And just like that, the only reliable pillar supporting the Chinese growth impulse looks wobbly.
In an outcome that surprised virtually every economist on record with a guesstimate, China’s exports shrank in October, according to NBS data released Friday. Consensus expected a 3% gain.
The drop was only the second of 2025, and the first if you write off February’s decline as a holiday anomaly. Recall that overall exports rose sharply in September, as trade tensions with the US simmered. Shipments to America slumped more than 25% in October, less than the prior two months’ YoY drops, but significant all the same.

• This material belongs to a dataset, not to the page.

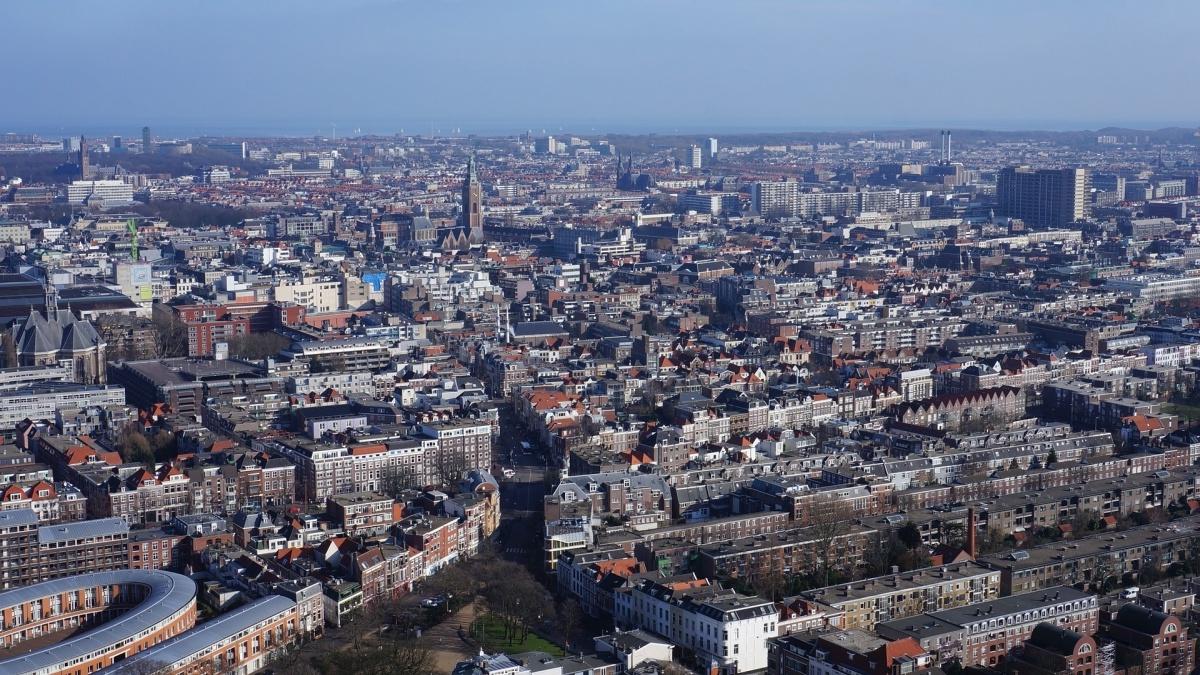 Overhead view of sprawling city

For most of the year, China was able to make up for lost sales to the US market by shipping product elsewhere, but that strategy appeared to falter in October, when sales to other markets rose a paltry 3.1%.
Imports managed a mere 1% gain, underscoring the Party’s struggles to revive domestic demand and suggesting the ostensibly impressive advance in September was a fluke.

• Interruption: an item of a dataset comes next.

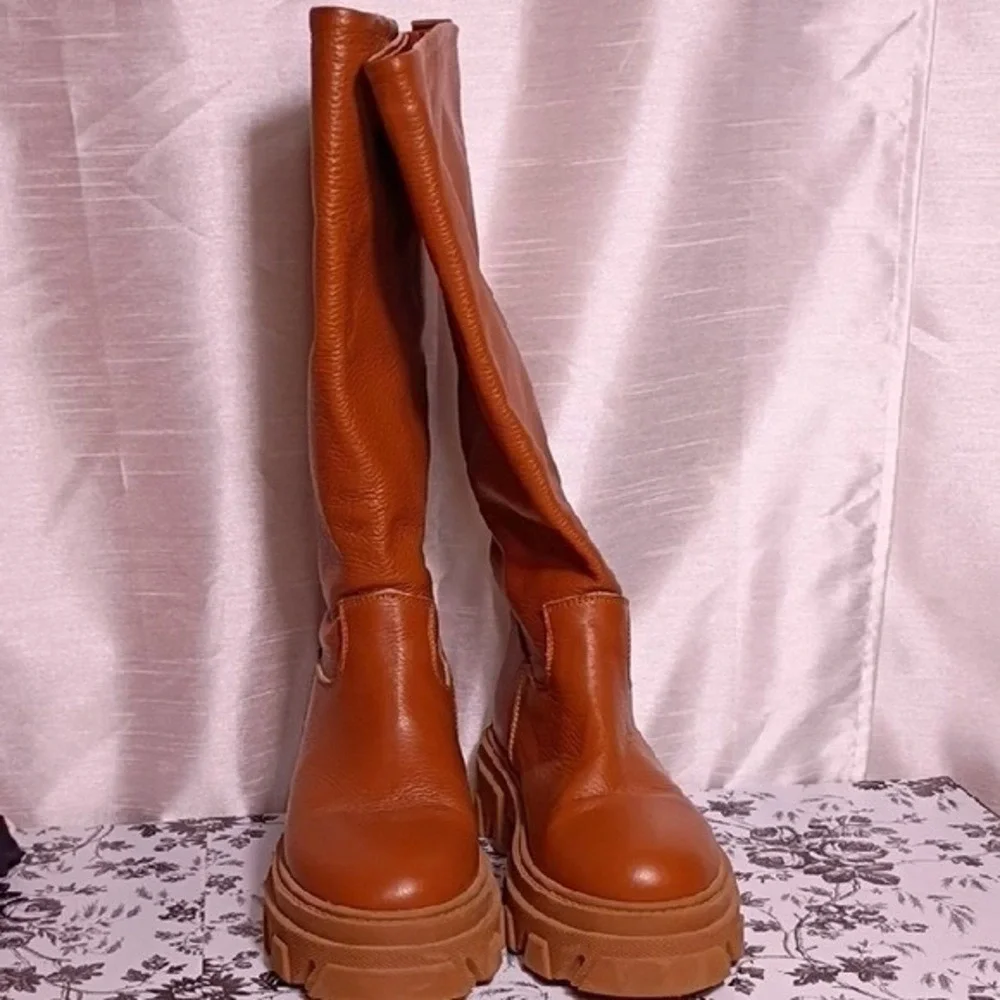 Italian Stylish Women's Brown Over the‎ Knee Leather Boots Size 41 EUR- 10 US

It’s possible, I suppose, that some the export slowdown is a hangover from a holiday pull-forward effect, which is to say buyers abroad might’ve purchased early from “the world’s factory” to be sure they have enough product for the shopping season.
It’s also worth noting that the yuan loitered near its strongest levels in a year last month. All else equal, that means foreign buyers get less “bang for their buck,” but I don’t buy that: China’s mired in deflation. It’s a race to the bottom over there. Prices are falling faster than the currency’s appreciating.
Xi Jinping’s “deal” with Donald Trump may revive trade with the US, but if the October data’s indicative of a brake-slam moment for external demand, any pickup in shipments to America won’t be enough to compensate.
More broadly (and I don’t hear this discussed enough), even if Trump were to wake up one day and decide to lift all tariffs on China (which plainly isn’t going to happen), the bilateral economic relationship between the world’s two largest economies will never be the same.
Of course, one month does not a trend make, and China’s on its way to running a >$1 trillion surplus for the year. The poor read on exports for October doesn’t bode especially well for the Q4 growth readout, but a quick check on consensus suggests the market had already factored in a slowdown.
As for the full year growth target, the Party will almost surely still hit it, Q4 slowdown or not. And even if they didn’t (hit the target) they’d tell you they did.